Bosz was the captain of Feyenoord when Van Bronckhorst was beginning his professional career with the Eredivisie giants in the 1990s. The pair would be reunited in 2007; the latter’s return to De Kuip coinciding with the former’s appointment as Feyenoord’s technical director.
It seemed fitting, then, that when Van Bronckhorst led the Rotterdam giants to their first league title since the turn of the century five-and-a-half years ago, it was at the expense of his old mentor. Feyenoord finished one place and one point above Bosz’s Ajax in a nerve-shredding title race.

Will the mentor replace the pupil at Rangers?
“He has been there almost my whole career,” Van Bronckhorst reflected ahead of a reunion between the two Dutchman in September 2021; Bosz’s Lyon eventually triumping 2-0 at Ibrox in the UEFA Europa League group-stages.
“When I was a young player coming from the academy of Feyenoord, Peter was the captain of the team. He really welcomed me in the squad and was very helpful.
“After that, he was the technical director of Feyenoord when I came back in 2007 after my time at Barcelona. I had a lot of conversations with him. I really enjoyed our friendship over the years. He has been there almost all of my career.”

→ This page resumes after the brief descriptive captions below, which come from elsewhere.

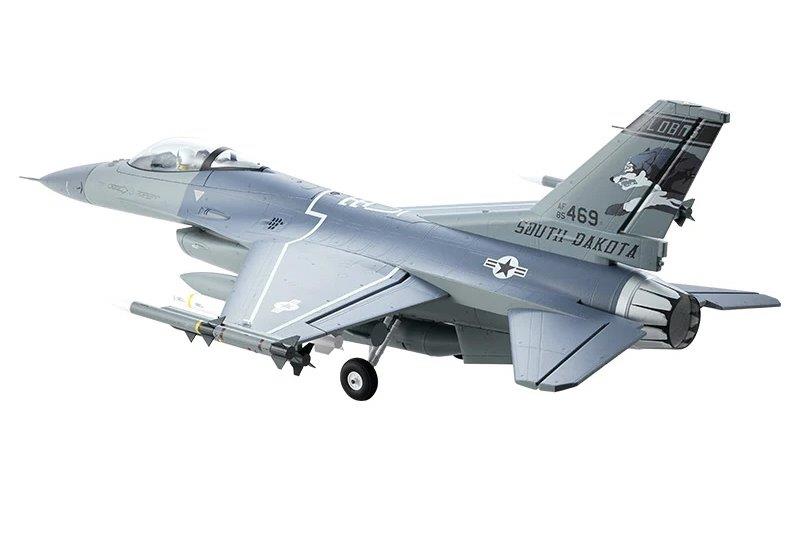 FMS F-16 EDF 64mm PNP Battlefield Gray - 4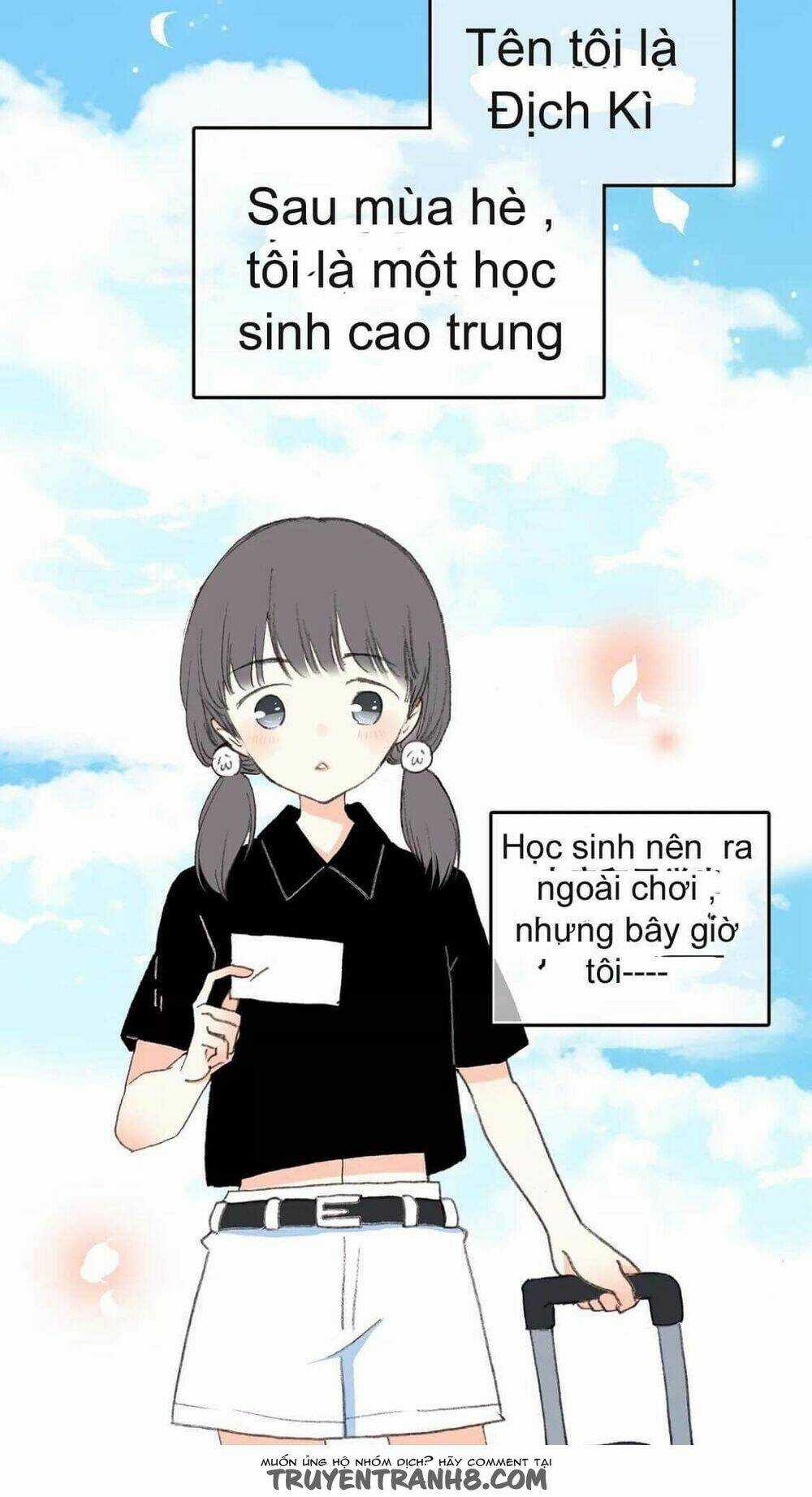 Lông Mày - Chapter 1 - Trang 3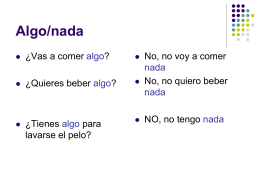 Algo/nada - Faculty Website Index Valencia College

The irony will not be lost on Van Bronckhorst, then, if the pupil ends up losing his job to his old master. According to the Scottish Daily Express, Bosz, 12 years his compatriot’s senior, is in the running to take over at Ibrox following Van Bronckhorst’s sudden but not-unjustifiable sacking on Monday morning.
‘Beautiful attacking football’
Bosz, who turns 60 in 2023, is without a club following his departure from Lyon recently. While his track record at the very top of the European game remains somewhat mixed, Bosz’s self-styled preference for ‘beautiful attacking football’, complete with all the mod cons (high pressing, rapid transitions and a monopoly on possession) may capture the imagination of Rangers supporters glancing jealously over the road at their free-scoring local rivals Celtic.

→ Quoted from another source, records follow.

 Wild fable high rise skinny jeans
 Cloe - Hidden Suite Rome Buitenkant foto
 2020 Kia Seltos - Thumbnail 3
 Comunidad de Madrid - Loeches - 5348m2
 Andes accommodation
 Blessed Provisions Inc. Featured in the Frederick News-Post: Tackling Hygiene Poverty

Bosz and Ange Postecoglou, after all, share the same underlying principles of how the football should be played. Putting the ‘beautiful’ into the ‘Beautiful game’. Take Lyon’s commanding victory over Van Bronckhorst’s Rangers 14 months ago, for instance. Just look at the way they carved apart the home team with 37 minutes on the clock.

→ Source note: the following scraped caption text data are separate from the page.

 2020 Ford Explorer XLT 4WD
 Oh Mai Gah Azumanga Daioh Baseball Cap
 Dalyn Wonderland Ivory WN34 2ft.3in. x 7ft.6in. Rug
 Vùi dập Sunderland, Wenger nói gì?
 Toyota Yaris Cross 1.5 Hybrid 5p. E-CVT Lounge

Lyon drag Rangers out of position on the flank; one playmaker releasing another with an ingenious nutmeg, before rampaging right-back Malo Gusto fires wide from inside the penalty area. In the build up to Lyon’s decisive second goal, meanwhile, they hounded Rangers into a mistake on the edge of their own penalty area before doubling the lead. Indicative of the type of modern, front-foot football Bosz could bring to a Rangers. A side who, far far too long, have lacked an identity and any semblence of a coherent game plan.
“Most of the team has been together for quite a long time. The players know each other and the way they play. That adds some strength to the team,” Bosz said of Rangers last year; highlighting the ‘very special atmosphere’ the home fans so renowned for on the Ibrox terraces.
“They do have good players. That’s another strength.”